GOAL OF THE EXERCISE:
Skip every picture while you write out the records below, from the first line through the one that contains "Kitchen with light", both ends kept.
───── MATERIALS PROVIDED ─────
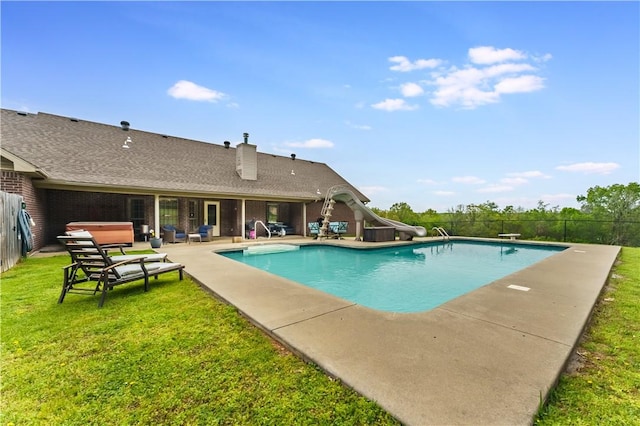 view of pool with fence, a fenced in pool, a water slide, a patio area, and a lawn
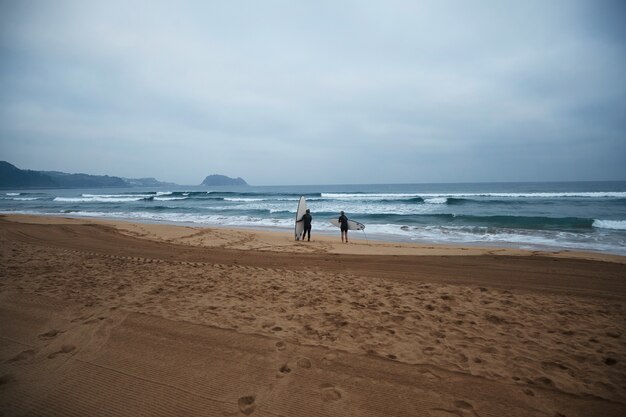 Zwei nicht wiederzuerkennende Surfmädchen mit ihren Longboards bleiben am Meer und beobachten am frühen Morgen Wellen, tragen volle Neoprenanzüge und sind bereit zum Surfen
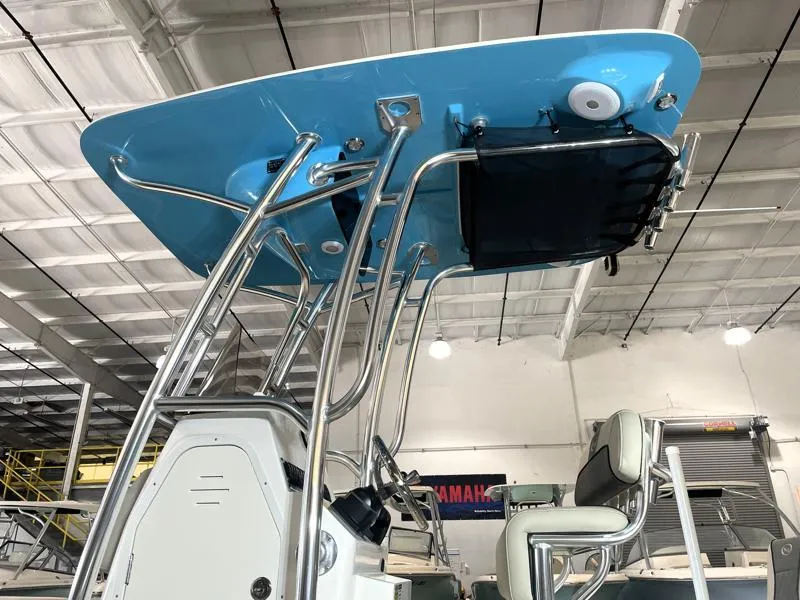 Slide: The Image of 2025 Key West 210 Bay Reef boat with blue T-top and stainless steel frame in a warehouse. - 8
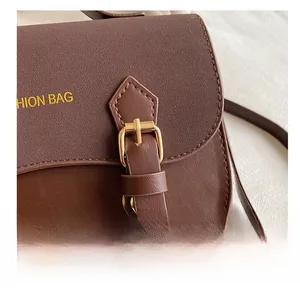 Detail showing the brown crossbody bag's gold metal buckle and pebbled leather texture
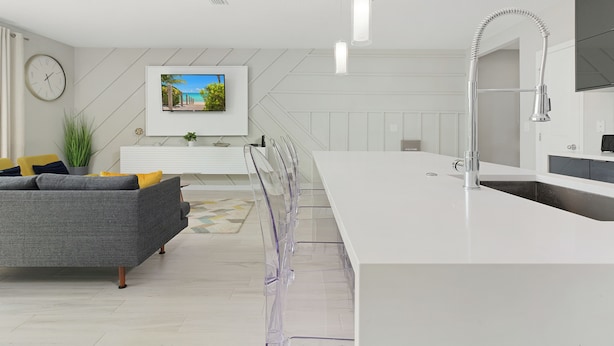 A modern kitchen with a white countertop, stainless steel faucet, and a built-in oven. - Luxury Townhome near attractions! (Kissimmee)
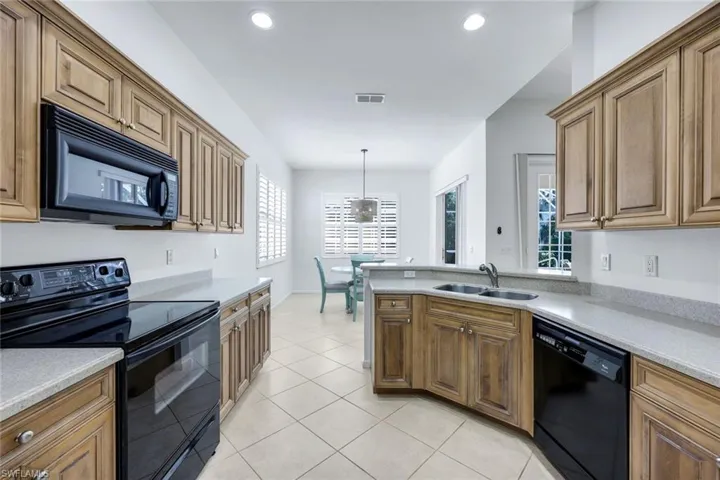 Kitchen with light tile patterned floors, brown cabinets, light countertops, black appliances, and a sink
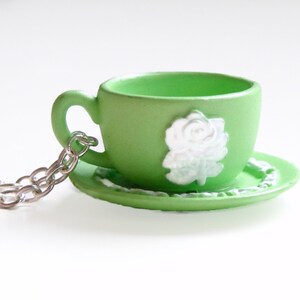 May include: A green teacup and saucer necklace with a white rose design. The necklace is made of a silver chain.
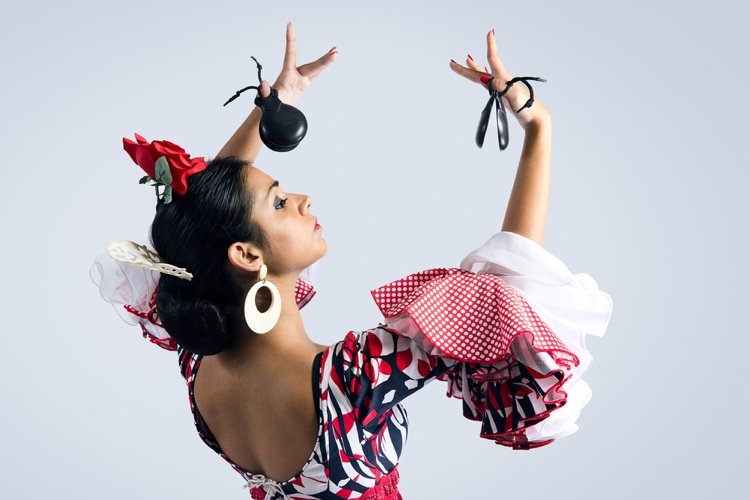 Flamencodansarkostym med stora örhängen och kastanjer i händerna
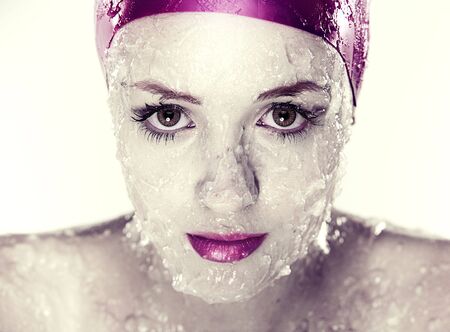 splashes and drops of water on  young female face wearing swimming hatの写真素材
─────
RESPONSE BOX:
 view of pool with fence, a fenced in pool, a water slide, a patio area, and a lawn
 Zwei nicht wiederzuerkennende Surfmädchen mit ihren Longboards bleiben am Meer und beobachten am frühen Morgen Wellen, tragen volle Neoprenanzüge und sind bereit zum Surfen
 Slide: The Image of 2025 Key West 210 Bay Reef boat with blue T-top and stainless steel frame in a warehouse. - 8
 Detail showing the brown crossbody bag's gold metal buckle and pebbled leather texture
 A modern kitchen with a white countertop, stainless steel faucet, and a built-in oven. - Luxury Townhome near attractions! (Kissimmee)
 Kitchen with light tile patterned floors, brown cabinets, light countertops, black appliances, and a sink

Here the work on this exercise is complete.